Tuesday, May 23

The complexity of loss


A few weeks ago bluejays started building a nest in a tree outside our window and I looked forward to seeing tiny birds take their first flying lessons. But the bluejays have deserted us. Maybe they decided having a nest so near a cat wasn't wise (it's just five or six feet from the balcony perch the cat prefers), but ZoƩ would run in fear at two jays squawking and flapping their wings in her direction. Surely they knew this.

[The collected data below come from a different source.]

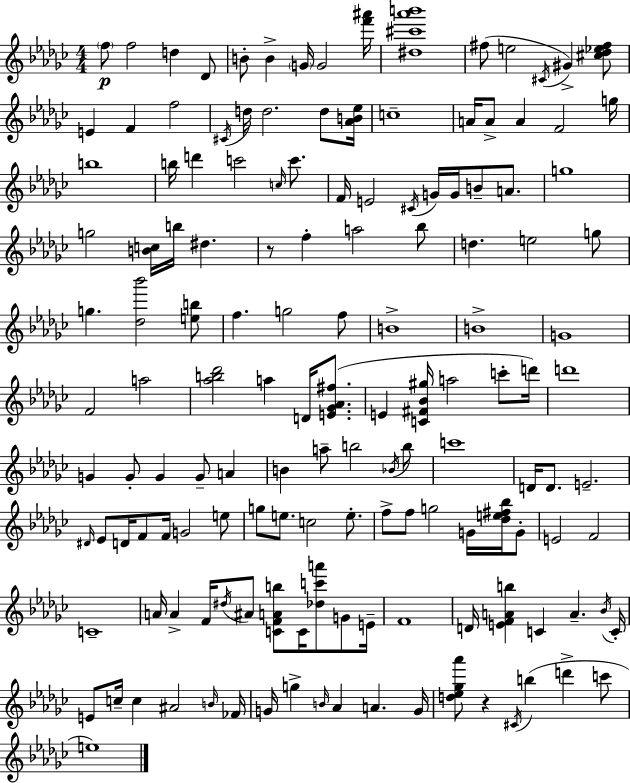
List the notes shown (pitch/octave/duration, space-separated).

F5/e F5/h D5/q Db4/e B4/e B4/q G4/s G4/h [F6,A#6]/s [D#5,C#6,Ab6,B6]/w F#5/e E5/h C#4/s G#4/q [C#5,Db5,Eb5,F#5]/e E4/q F4/q F5/h C#4/s D5/s D5/h. D5/e [Ab4,B4,Eb5]/s C5/w A4/s A4/e A4/q F4/h G5/s B5/w B5/s D6/q C6/h C5/s C6/e. F4/s E4/h C#4/s G4/s G4/s B4/e A4/e. G5/w G5/h [B4,C5]/s B5/s D#5/q. R/e F5/q A5/h Bb5/e D5/q. E5/h G5/e G5/q. [Db5,Bb6]/h [E5,B5]/e F5/q. G5/h F5/e B4/w B4/w G4/w F4/h A5/h [Ab5,B5,Db6]/h A5/q D4/s [E4,Gb4,Ab4,F#5]/e. E4/q [C4,F#4,Bb4,G#5]/s A5/h C6/e D6/s D6/w G4/q G4/e G4/q G4/e A4/q B4/q A5/e B5/h Bb4/s B5/e C6/w D4/s D4/e. E4/h. D#4/s Eb4/e D4/s F4/e F4/s G4/h E5/e G5/e E5/e. C5/h E5/e. F5/e F5/e G5/h G4/s [Db5,E5,F#5,Bb5]/s G4/e E4/h F4/h C4/w A4/s A4/q F4/s D#5/s A#4/e [C4,F4,A4,B5]/e C4/s [Db5,C6,A6]/e G4/e E4/s F4/w D4/s [E4,F4,A4,B5]/q C4/q A4/q. Bb4/s C4/s E4/e C5/s C5/q A#4/h B4/s FES4/s G4/s G5/q B4/s Ab4/q A4/q. G4/s [D5,Eb5,Gb5,Ab6]/e R/q C#4/s B5/q D6/q C6/e E5/w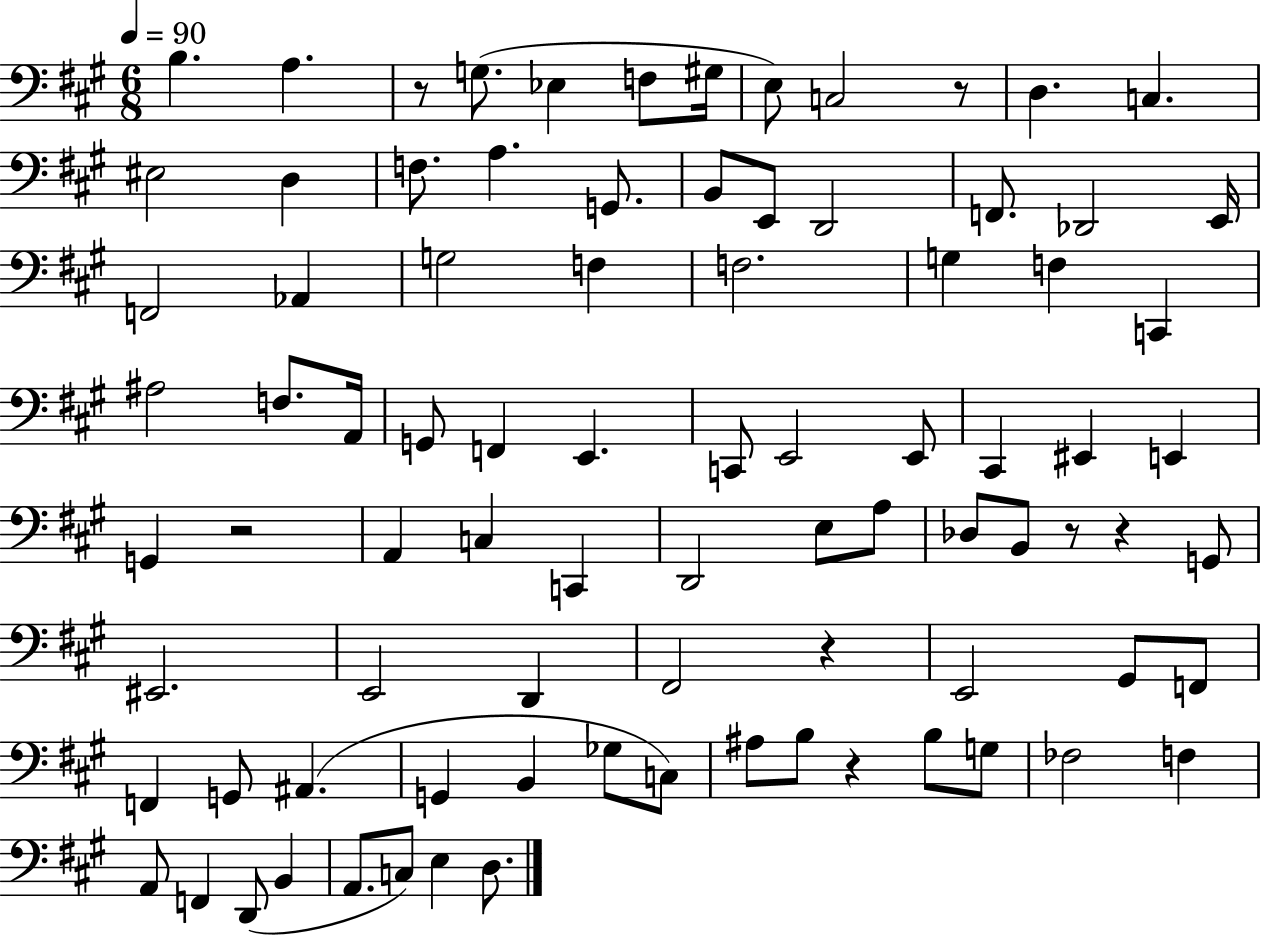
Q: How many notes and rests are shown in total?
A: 86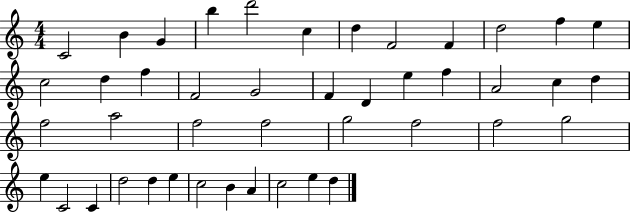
C4/h B4/q G4/q B5/q D6/h C5/q D5/q F4/h F4/q D5/h F5/q E5/q C5/h D5/q F5/q F4/h G4/h F4/q D4/q E5/q F5/q A4/h C5/q D5/q F5/h A5/h F5/h F5/h G5/h F5/h F5/h G5/h E5/q C4/h C4/q D5/h D5/q E5/q C5/h B4/q A4/q C5/h E5/q D5/q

I took the binoculars out yesterday and looked closely at the nest. No sign of life at all. The piled sticks and leaves hugged the tree's trunk—a habit of jays—and the nest, like a sloppily-made basket, was the perfect size for a large bird and a couple of chicks. The loss made me feel lonely, which is ridiculous since I'd had no chance to make their acquaintance; let alone know their names. But still, it was a loss.

The casual complexity of the nest reminded me of other complexities, the lifecycle of the frogs I hear chirping in the undergrowth, and the fractal geometry contained within the tree leaves that I can almost touch if I lean over the balcony rail. These are hints of the deep complexities that form our world and I am in awe when I spend time looking and listening.

It is these complexities that worry me when I think of climate change. It's impossible for us to know—let alone understand—the interrelationships between ourselves and the millions of species that share our planet. (The Environmental Literacy Council estimates between 5 and 30 million.) It's easy to be distraught over the loss of polar bears, but what about the 300,000 species of beetles? Don't they deserve a little sympathy?

We all know the doleful litany—denuded forestlands, acidic oceans, loss of cultivable land, poisoned air—all interlocking complexities, all produced by humans. No bee, beetle, bear, or bird created this catastrophe but each is at risk. If we cannot stop the warming we leave these creatures facing mass extinction. And all the vital complexities contained within them, all the still unknown interlocking pieces of our world, pieces that might solve problems we don't even have yet, will die with them.

I don't want to wake up one morning to find no birds in my trees, no bees buzzing around the lavender, no butterflies flitting across the landscape. I hope the jays will come back next spring and try again. I hope there will always be jays and that spring will always come round to warm and delight us with the colors and sounds and complexities of nature. I doubt humans can live without that, and I don't think I want to.